• **Directions**: Everything in the data except the pictures belongs in your answer, copied exactly.

-- -- --

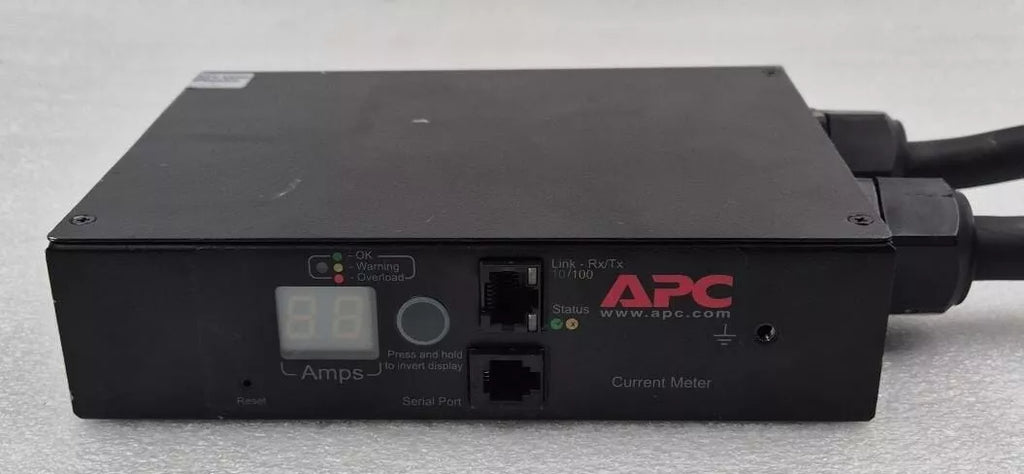 APC AP 7155 In-Line Current Meter 32A 230V IEC309 input and output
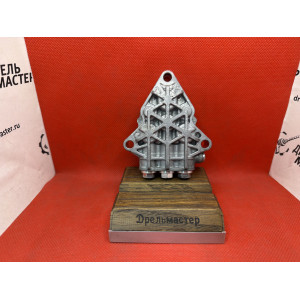 Крышка насоса мойки Carver CW-1600/1800 в сборе с клапанами Крышка насоса мойки Carver CW-1600/1800 в сборе с клапанами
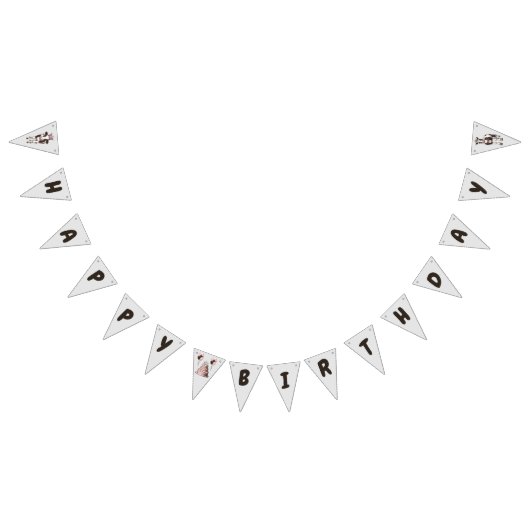 Kinderboerderij Verjaardag Vlaggetjes (Alle)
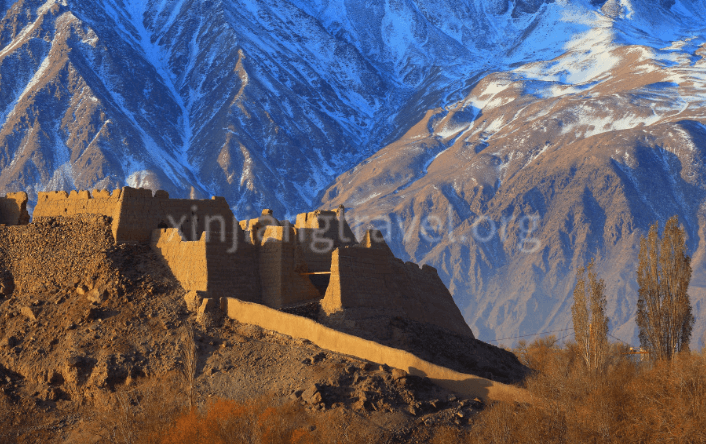 Tashkurgan Stone Fortress Tashkurgan Stone Fortress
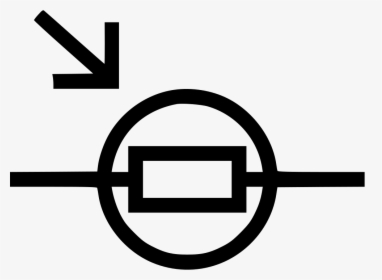 Light Dependent Resistor - Archive Button Png, Transparent Png, Transparent PNG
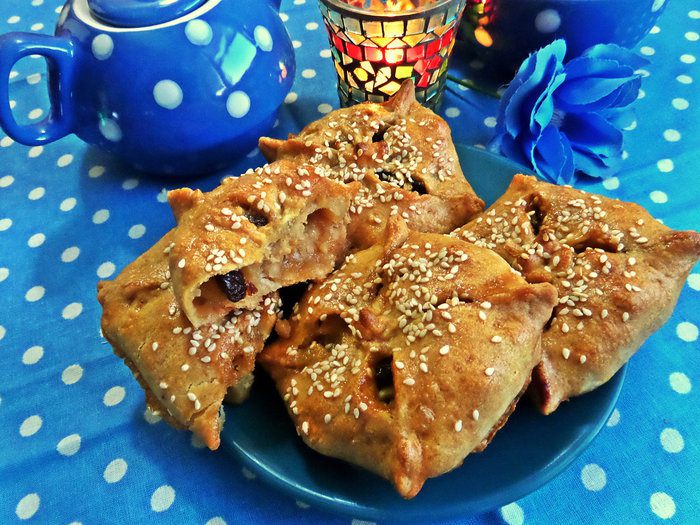 Яблочные &amp;quot;конвертики&amp;quot;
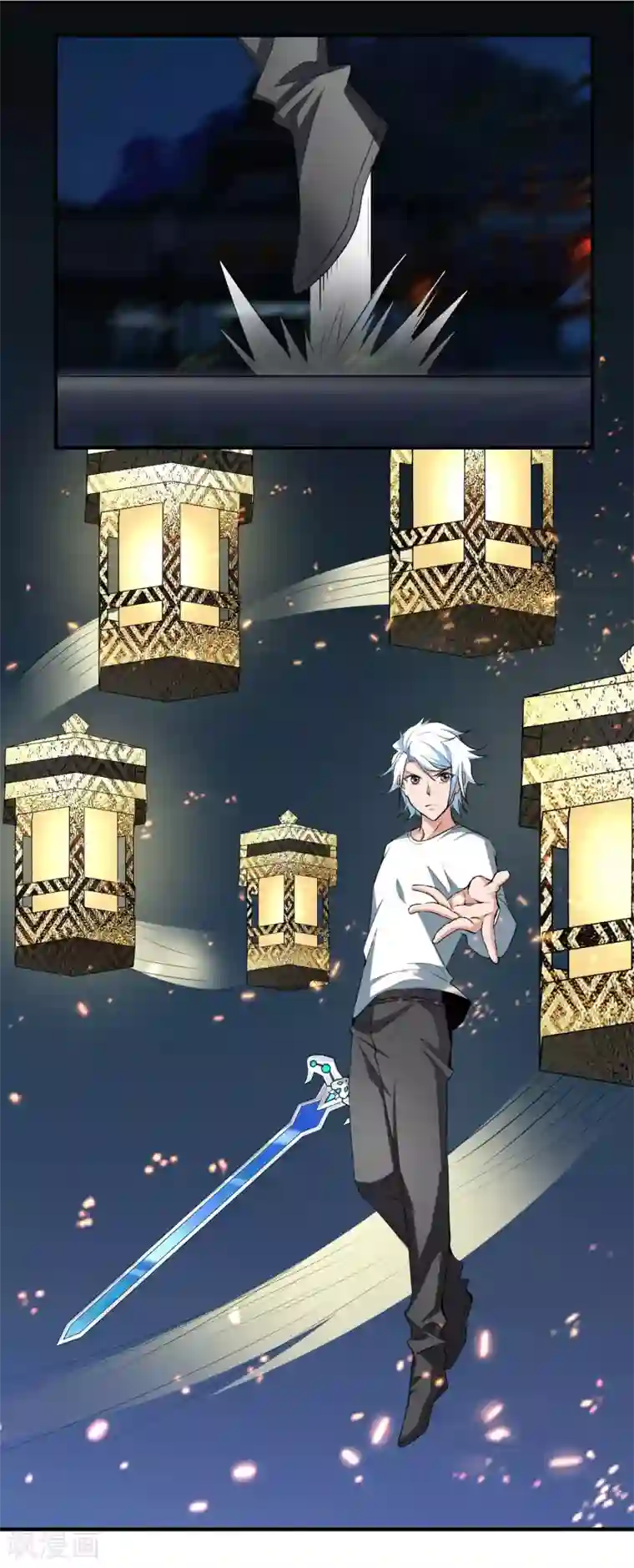 通灵契约第153话 人狠话不多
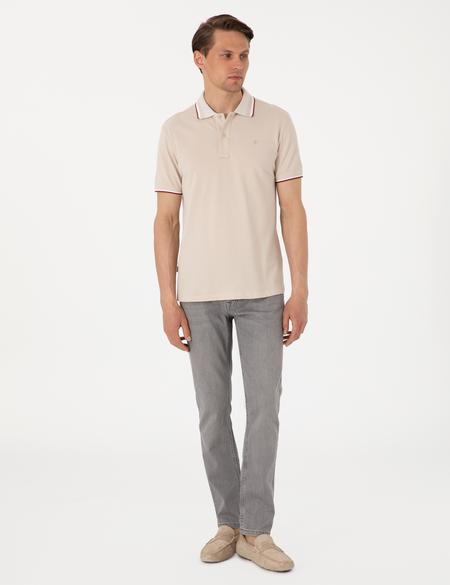 Gri Slim Fit Jean Pantolon - 50302714075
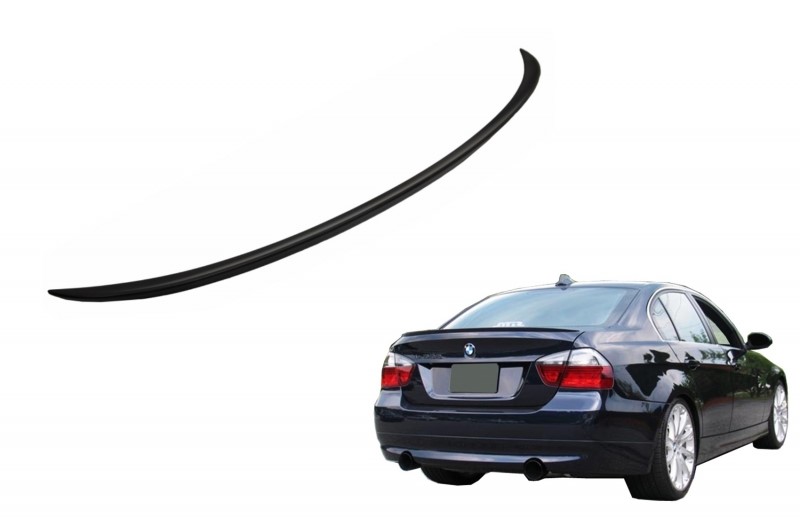 Kofferbak Spoiler BMW E90 05-11 M3 Look Zwart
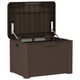 Jely Outdoor Garden Storage Box w Seat Cushion | 29’’ | Brown BM339700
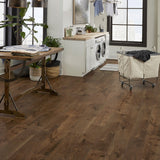 Pergo Evercraft Brown Waterproof Wood Plank Laminate Flooring Sample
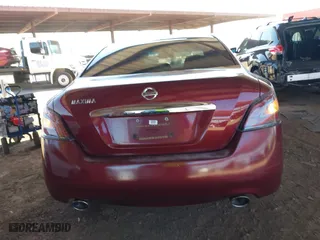 2013 Nissan Maxima 3.5 SV w/Sport Pkg with VIN 1N4AA5AP2DC822898, listed as a IAAI auction lot 41992491 with 152,328 mi miles. Bid and sale history available at carsss.com. Image 16.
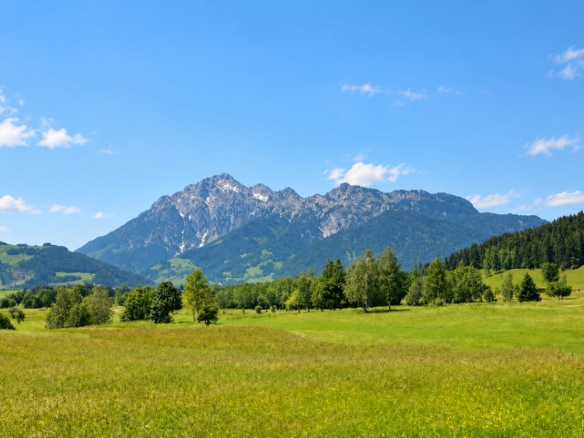 Hotelgrundstück am Golfplatz – 13.534 m² Entwicklungspotenzial in nähe von Zell am See, Kaprun, Maria Alm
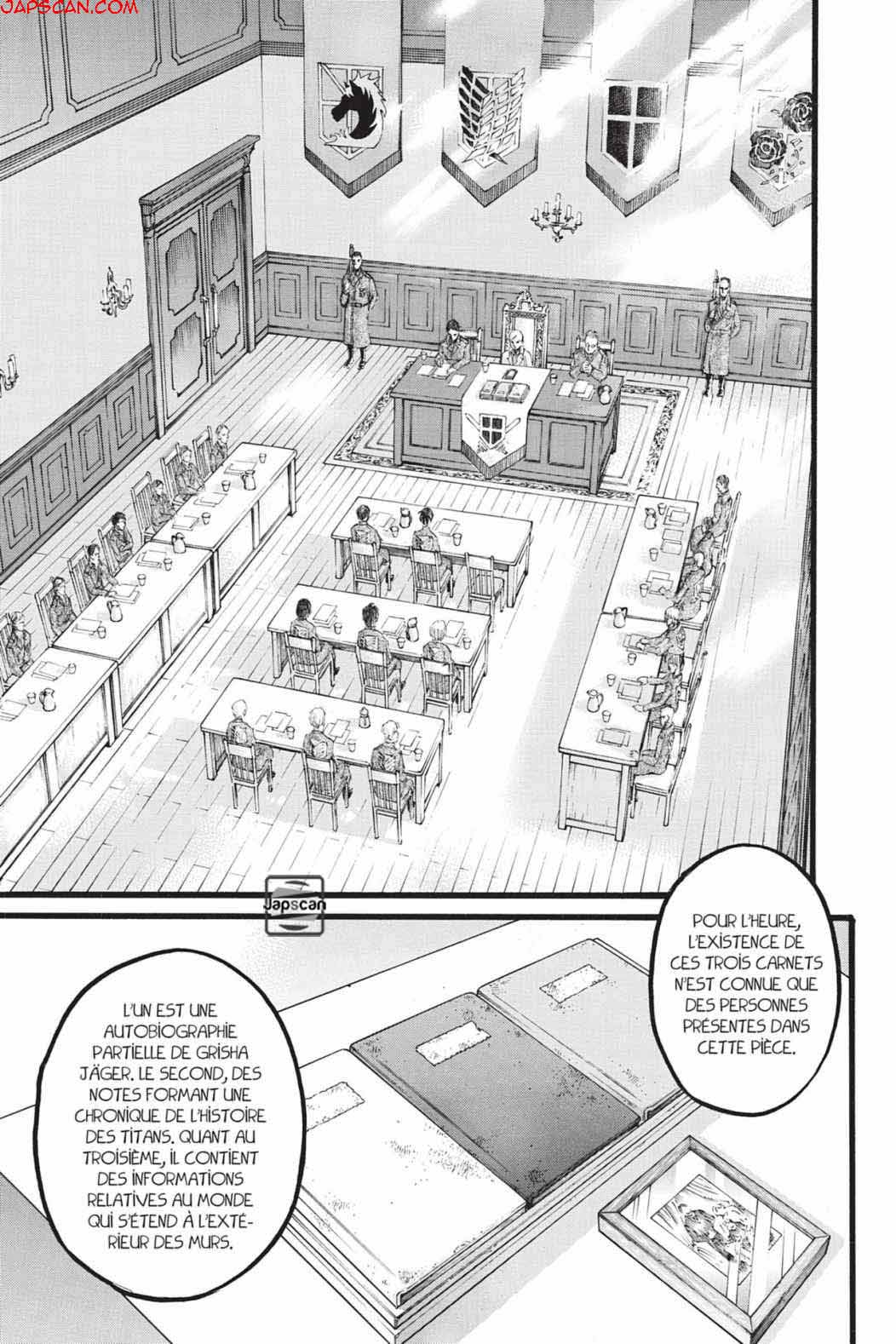 Read L'Attaque des Titans FR Manga Online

-- -- --

• **Exercise answer**:
 APC AP 7155 In-Line Current Meter 32A 230V IEC309 input and output
 Крышка насоса мойки Carver CW-1600/1800 в сборе с клапанами Крышка насоса мойки Carver CW-1600/1800 в сборе с клапанами
 Kinderboerderij Verjaardag Vlaggetjes (Alle)
 Tashkurgan Stone Fortress Tashkurgan Stone Fortress
 Light Dependent Resistor - Archive Button Png, Transparent Png, Transparent PNG
 Яблочные &amp;quot;конвертики&amp;quot;
 通灵契约第153话 人狠话不多
 Gri Slim Fit Jean Pantolon - 50302714075
 Kofferbak Spoiler BMW E90 05-11 M3 Look Zwart
 Jely Outdoor Garden Storage Box w Seat Cushion | 29’’ | Brown BM339700
 Pergo Evercraft Brown Waterproof Wood Plank Laminate Flooring Sample
 2013 Nissan Maxima 3.5 SV w/Sport Pkg with VIN 1N4AA5AP2DC822898, listed as a IAAI auction lot 41992491 with 152,328 mi miles. Bid and sale history available at carsss.com. Image 16.
 Hotelgrundstück am Golfplatz – 13.534 m² Entwicklungspotenzial in nähe von Zell am See, Kaprun, Maria Alm
 Read L'Attaque des Titans FR Manga Online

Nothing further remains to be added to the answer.